What is needed is every line from the one holding "хвоцный, лес, тишина" to the last line of the data below, printed exactly and without pictures.

# SUPPLIED RECORDS
+ + + +

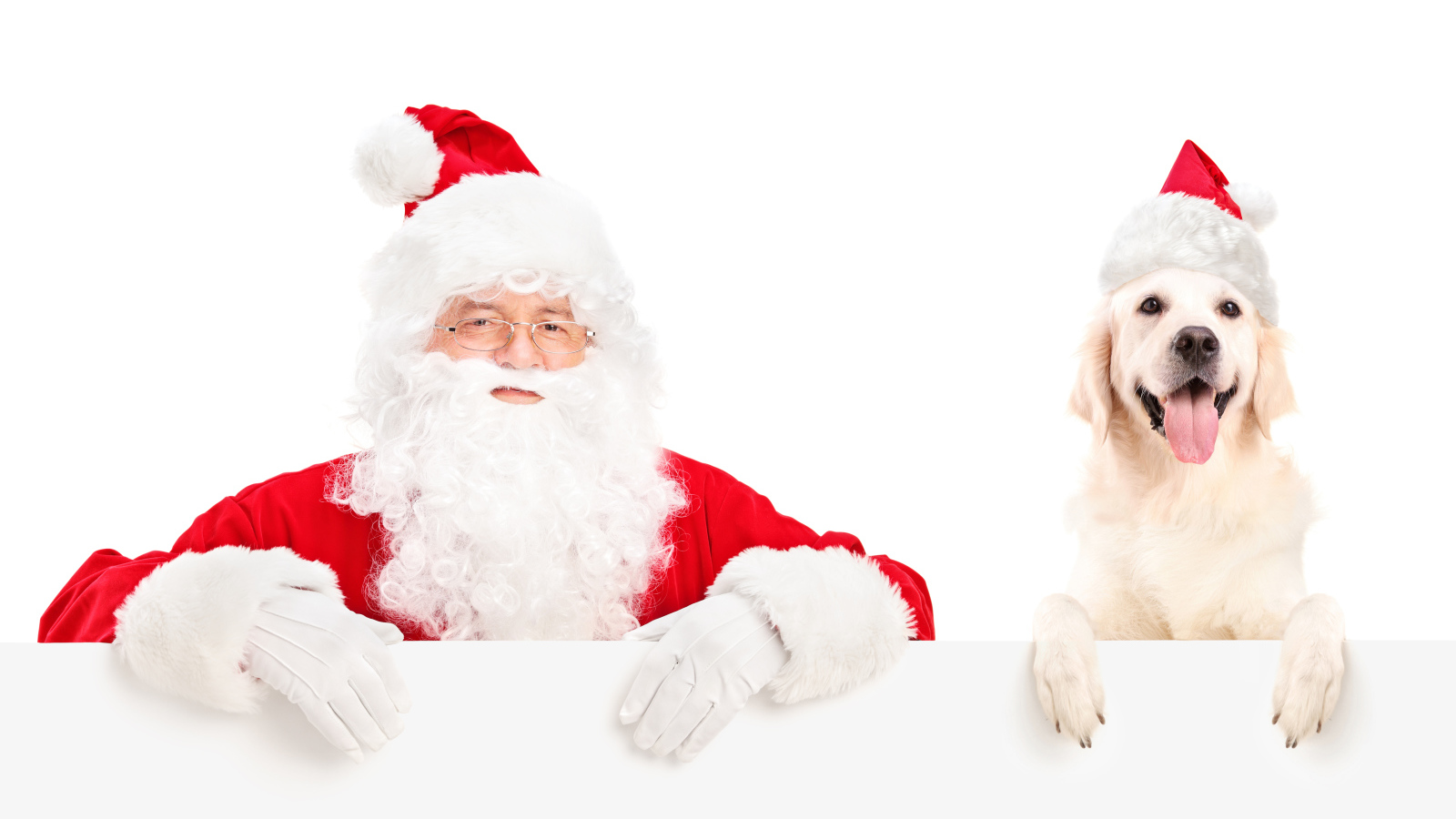 Дед Мороз с собакой породы золотистый ретривер на Новый год 2018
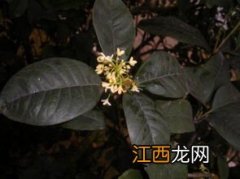 新鲜桂花泡酒怎么处理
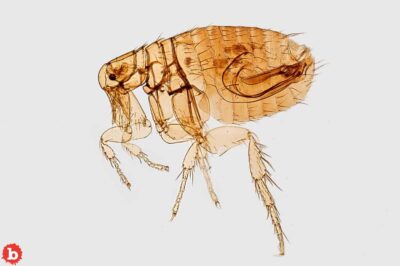 Typhus Makes Strong Comeback in Los Angeles, Because Fleas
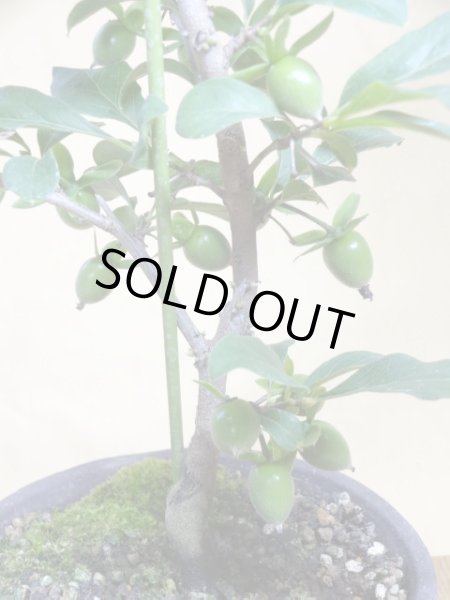 画像4: ローヤ柿 紅夢子(4) (4)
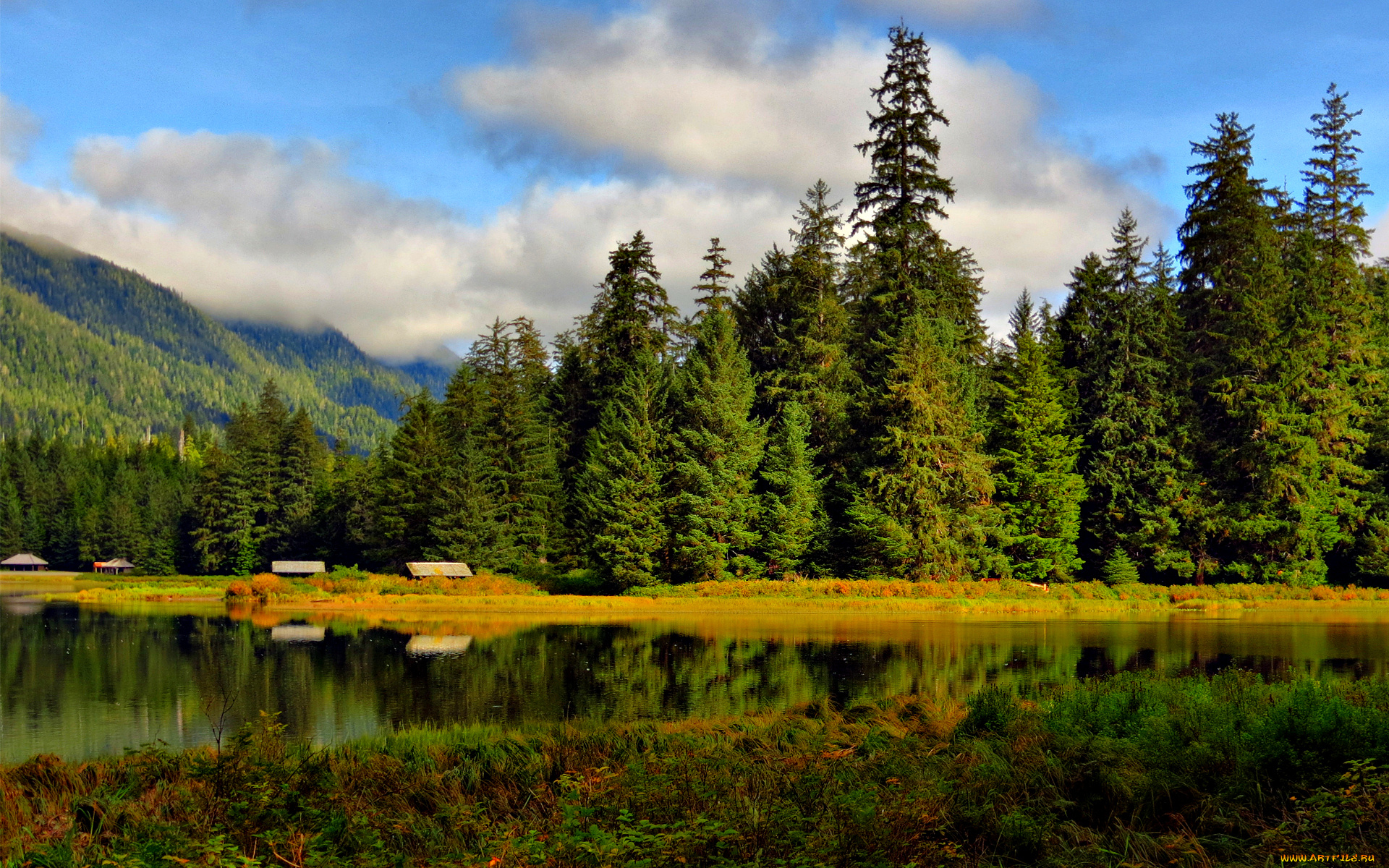 peaceful, place, природа, пейзажи, домики, трава, река, горы, хвоцный, лес, тишина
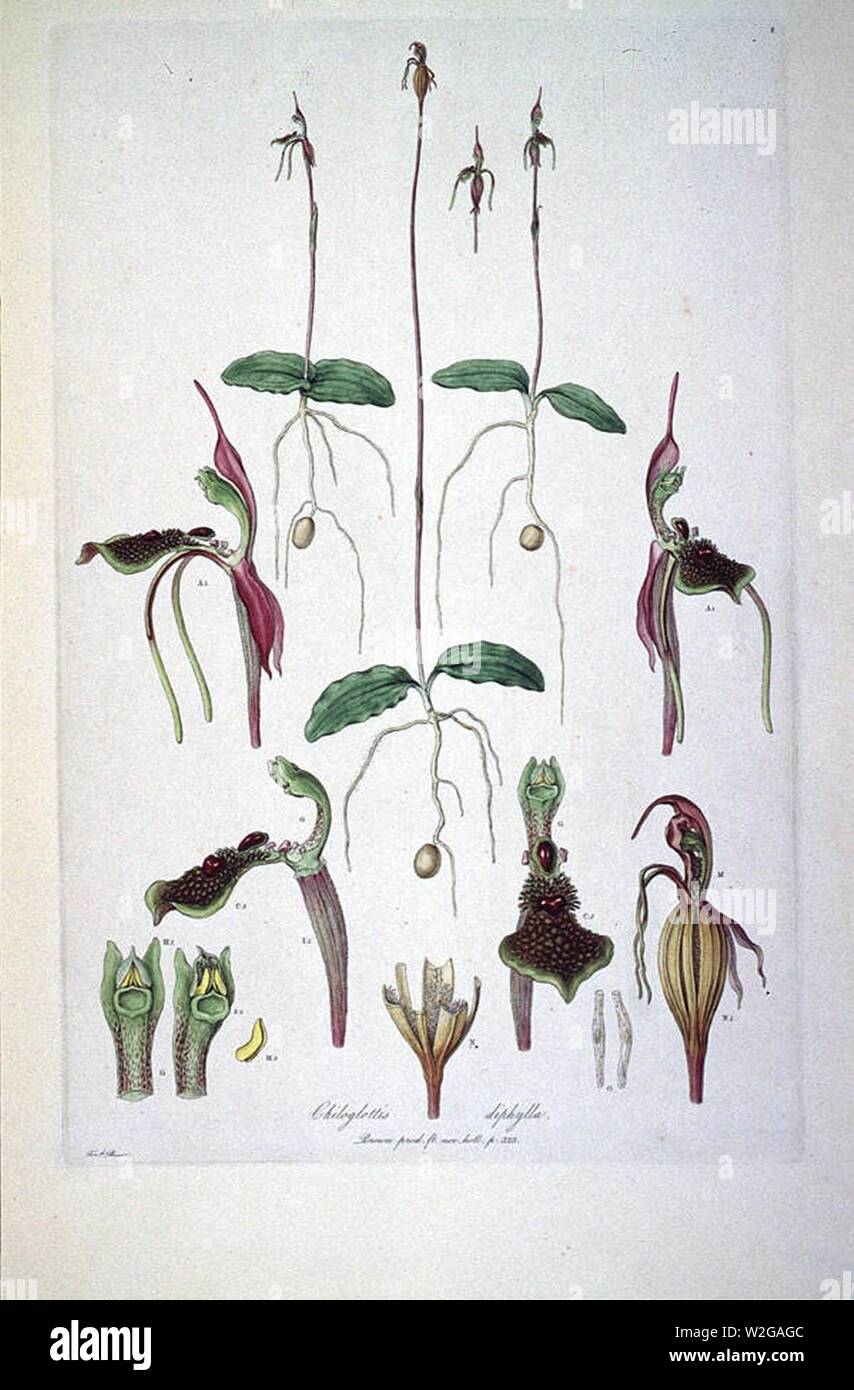 Chiloglottis diphylla (Illustrationes Florae Novae Hollandiae plate 8). Stock Photo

+ + + +

# WRITTEN ANSWER
 peaceful, place, природа, пейзажи, домики, трава, река, горы, хвоцный, лес, тишина
 Chiloglottis diphylla (Illustrationes Florae Novae Hollandiae plate 8). Stock Photo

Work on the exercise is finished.